Additional close up examples shown in Fig. 13.9b and c show additional transaction topologies with different features. Nodes can also be enriched with additional metrics calculated during anomaly detection and presented with this information and similar nodes. As before, each can be separately explored and escalated if needed.

Close up view can further be specialized to a hierarchical view, which exposes additional structural data dependency. Two close up of such views are presented in Fig. 13.8a and b. The hierarchical view is especially useful to quickly assess cluster structure and separate nodes with a high degree of connectivity connecting multiple clusters as seen in Fig. 13.9.

Fig. 13.8
figure 8

(a) and (b) Hierarchical views close up

Fig. 13.9
figure 9

Information and close up examples. (a) Additional transaction info. (b) Sending money between company accounts. (c) Start type typology with transactions to private person

Due to the highly specific nature of some companies and strange transaction patterns of others (utility companies, municipalities, large companies with foreign subsidiaries), a special whitelist is being implemented.

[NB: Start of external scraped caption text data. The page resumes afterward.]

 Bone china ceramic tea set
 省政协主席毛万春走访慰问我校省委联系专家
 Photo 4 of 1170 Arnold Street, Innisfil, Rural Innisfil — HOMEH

Since all data is pseudo-anonymized, it is hard to almost impossible to reason about specific corner cases manually. Externally provided whitelist can be fully anonymized and used in two different scenarios. One can fully include whitelisted companies from calculations in anomaly detection algorithms or perform all the calculations on the whole dataset and only filter them out during presentation and manual exploration. The second option is additionally useful, as whitelisting can be elaborated and excluded but still viewed. An important example is whitelisting a utility company for having a large number of transactions from private accounts but still calculating and presenting risk scores for overseas transactions.

7 Summary

The screening tool is part of a comprehensive PAMLS platform, which enables automated data capture and automatic data quality controls. The screening tool accomplishes three specific goals, firstly it enables data acquisition and enrichment from different transactions’ data sources. Secondly, the tool provides an automatic screening of pre-known transaction patterns that are potentially suspicious and finally allows a supervisory authority to investigate the enriched transaction space and discover new potentially suspicious patterns in order to detect the inherent risk of the financial institutions and apply the commensurate level of the supervision. The PAMLS platform is intended for big data processing and detection of potentially risky transaction patterns. The screening tool is one of the tools in PAMLS and enables the mapping of enriched transactional data sources into the space of graphs, where the use of parameterized queries easily maps risk typology into graph topologies and thus human-friendly investigation and pattern recognition. The tool is still in the development phase and will need to be further validated by domain experts. The need for similar solutions is evident both at the level of individual financial institutions and supervisory authorities.